I've got to say Hi to the Dutch, Colombian, Japanese and Chinese readers. Who are you - and why do you want to know so much about penguins? Sample queries - "how to say go penguins in german" or "childrens games about penguins". Did they ever land at the wrong website.

A bit more science stuff. I ran across a page about singing science on Slashdot yesterday. I particularly like the Glucose song, and Hooray for NMR Spectroscopy. Somehow I've got to get my group members to adopt these as our theme song. Admittedly, it's no MC Hawking (Entropy!), but it's really stupid music. I don't know if I can count this as J-Pop/Rock/Jazz (Japanese reader - enlighten me!), but I was also listening to the Cowboy Bebop (Film) soundtrack, and I heard a very geeky song with a little girl singing out the digits in π. It's called 3.14, and by 菅野よう子 (I have no idea what the translation is). I don't expect you to go out and buy the CD (since it's actually a bootleg CD), so you can instead go and listen to some French music instead.

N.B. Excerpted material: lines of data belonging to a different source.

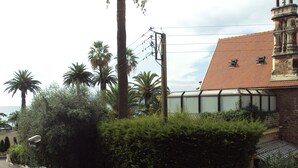 A residential area with a house featuring a tiled roof and a stone facade. There are palm trees and a parked car visible. -  Beautiful Cannes Apartment (Cannes)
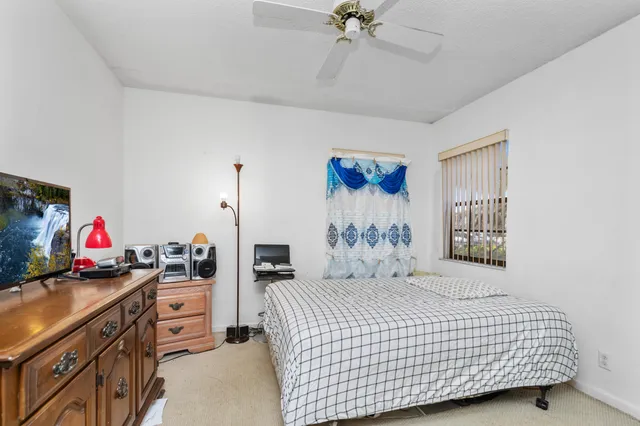 a bedroom with furniture and a bed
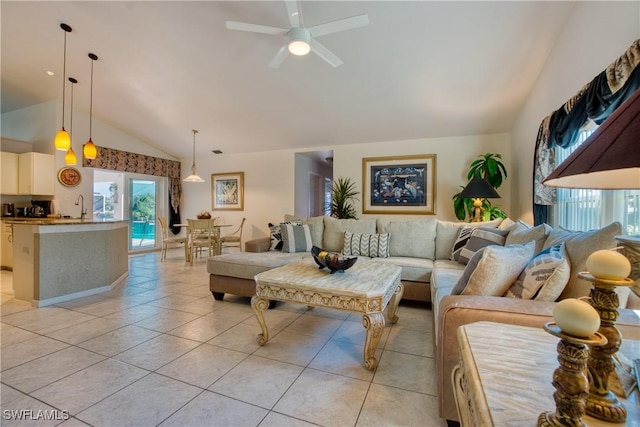 living room featuring vaulted ceiling, sink, light tile patterned floors, and ceiling fan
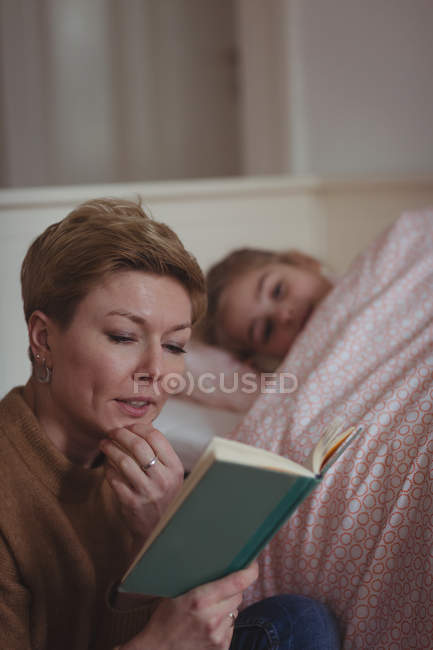 Mother reading a book while girl sleeping in bedroom at home — Stock Photo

You might notice some XML buttons appearing on comments pages, which allow you to subscribe to the comments for a page. I'm not sure it works 100% correctly, as the atom page is next to useless.

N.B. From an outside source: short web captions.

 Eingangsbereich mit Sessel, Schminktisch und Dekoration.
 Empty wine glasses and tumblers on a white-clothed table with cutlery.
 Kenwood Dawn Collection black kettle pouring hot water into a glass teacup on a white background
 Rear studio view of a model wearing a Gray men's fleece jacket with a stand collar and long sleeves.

Update This isn't worth a brand new post, so here's an update to my broadband saga. I have finally been disconnected from the service I signed up for in July. I now have a wireless DSL router thingie, two dead splitters, and a very dodgy phone line. I haven't checked if the money has automagically appeared back in my account yet. A little piece of me dies every day I have to use dialup.

5 comments

Anonymous *

The Mac OS X translator widget says:

"The villous themeda is wild よ う"

I'm sure that's correct.

butercup *

I'm not sure what worries me more - the music or the post about posting :)

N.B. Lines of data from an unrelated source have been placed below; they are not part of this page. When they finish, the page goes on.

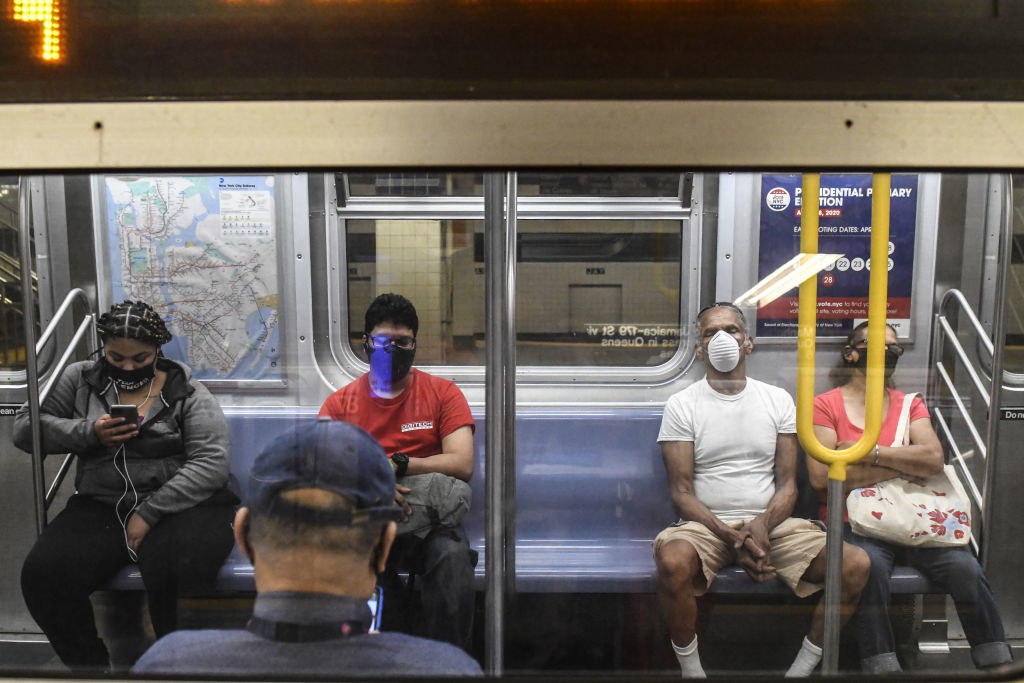 People commute on the subway in Brooklyn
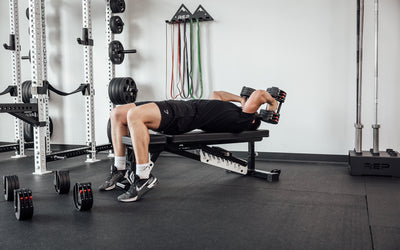 Male lifter lying on a bench and performing skull crushers with a pair of REP Fitness QuickDraw Adjustable Dumbbells.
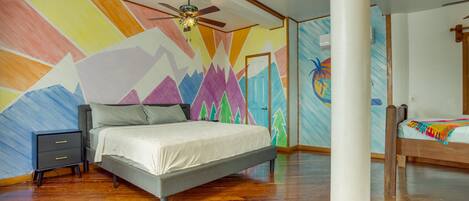 A bedroom with a bed, a nightstand, a ceiling fan, and a colorful wall mural.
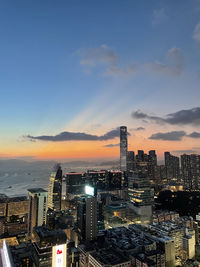 Illuminated buildings against sky during sunset in city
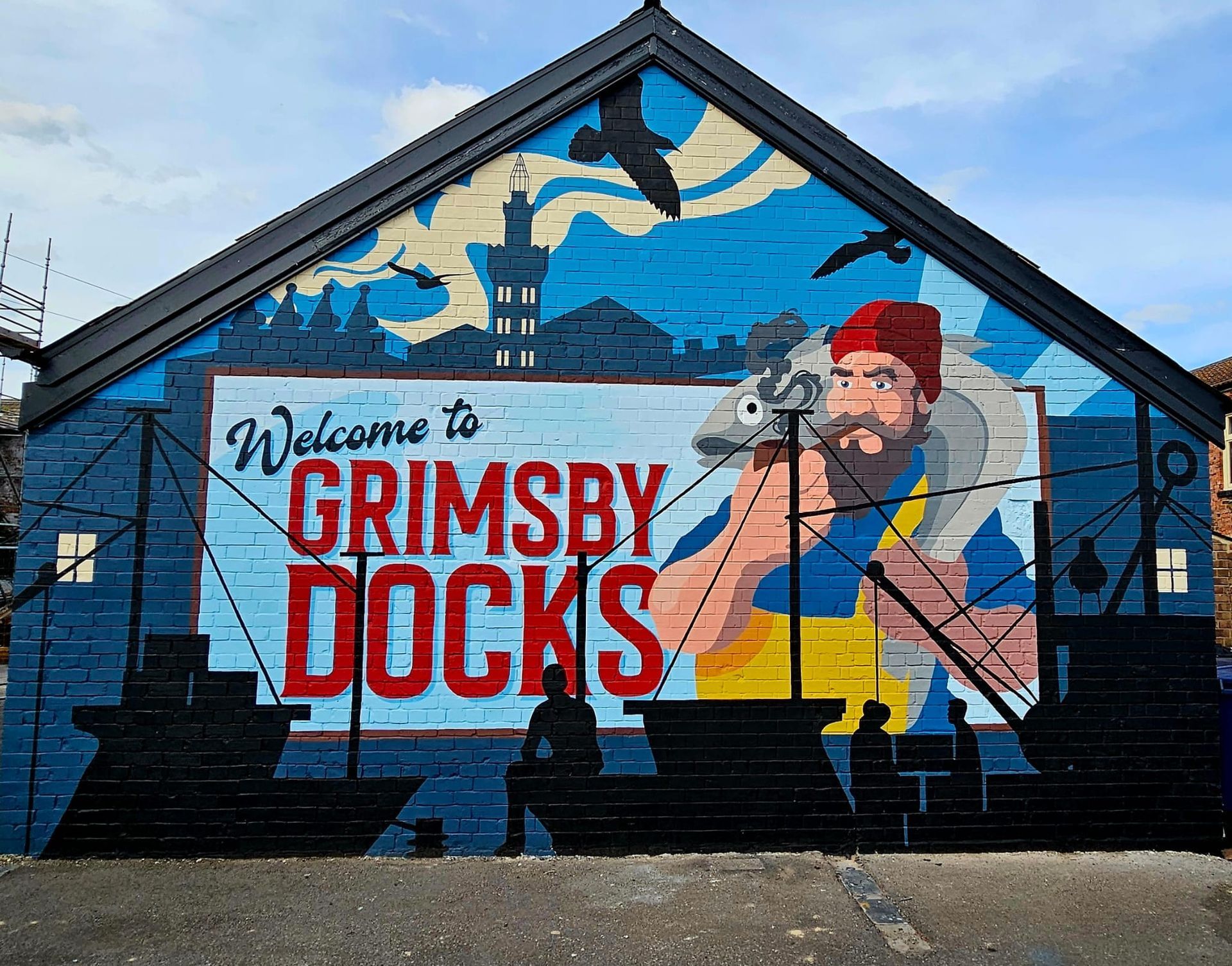 A mural on the side of a building welcomes people to grimsby docks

Ah well, that's what makes life interesting. Go penguin games!

(maybe they were looking for yetisports)

Hiren Joshi *

I'm serious about the Colombian! There was someone from Bogotá who actually typed the url in for this page, and then made the mistake of visiting. I don't think I know anyone from there. I'm worried.

Anonymous *

I'd just like to point out that iiNet deployed their DSLAM in Epping two weeks ago. I've been enjoying my 6Mbps/1Mbps service. :)

Hiren Joshi *

After doing some reading, the Japanese is a name - Yoko Kanno. She's a composer/keyboardist who forms an integral part of The Seatbelts, who did the Cowboy Bebop soundtrack.